Solo que Andrés ya no tenía pistola ni arma alguna. Se llevó la mano al bolsillo trasero de su pantalón y notó algo que no recordaba que llevaba encima. Lo sacó. Era una hoja de papel doblada: Su lista de pendientes.
La leyó con calma mientras la muerte avanzaba paso a paso hacia él:
Tirarme en paracaídas.
Hacer rafting.
Viajar a Nueva York.
Aprender inglés
Ir a clases de baile
Hacer escalada
Escapar del confinamiento.
Dos propósitos tachados. No estaba mal, pero no era suficiente. Necesitaba hacer una cosa más. Se llevó el dedo índice sobre la herida del cuchillo y lo usó luego para tachar con su propia sangre el último de los deseos: Escapar del confinamiento.
Lo iba a hacer. Esos malditos no se lo iban a poder impedir. Estaban ya ahí mismo, apenas a medio metro. Un anciano que después de dedicar años a salvar vidas ahora las quitaba, una cuidadora que no fue capaz de cuidar de sí misma y un desconocido que se había convertido en su mejor amigo por falta de personal. Y los tres con un único objetivo: él.

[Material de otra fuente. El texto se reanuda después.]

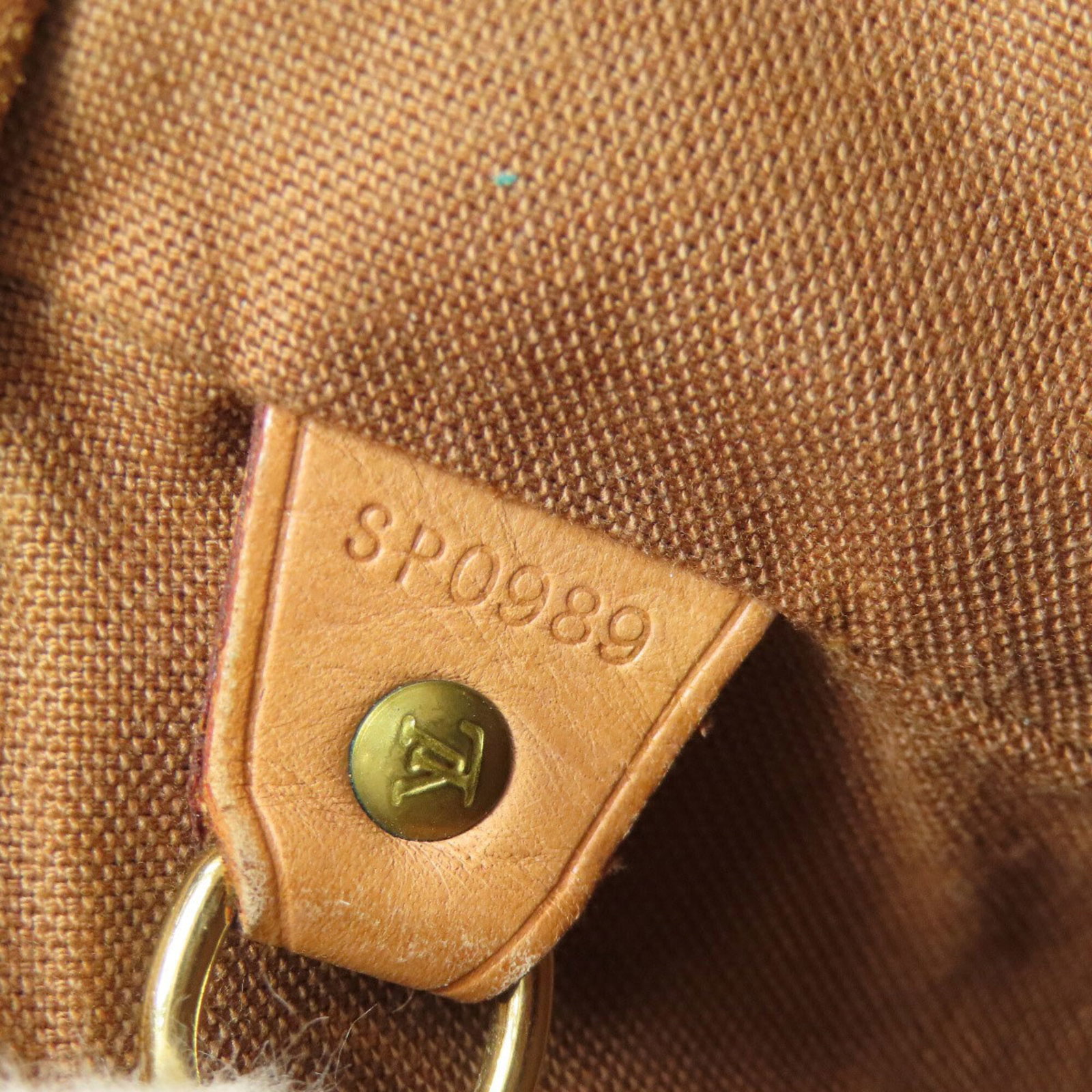 Canvas Backpack Monogram Louis Vuitton - 6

Pues se iban a quedar con las ganas.
Andrés se impulsó hacia atrás, levantando los brazos como un superhéroe a punto de echar a volar. Hizo un acrobático giro en el aire y cayó de espaldas al vacío, disfrutando de la brisa marina que le removía el cabello y feliz por haber conseguido su objetivo. Por haber podido derrotar al virus y a los malditos zombis. Había logrado escapar al fin del confinamiento.
Y por ridículo que pareciera, su último pensamiento fue preguntarse quién iba a cuidar ahora de Eddie.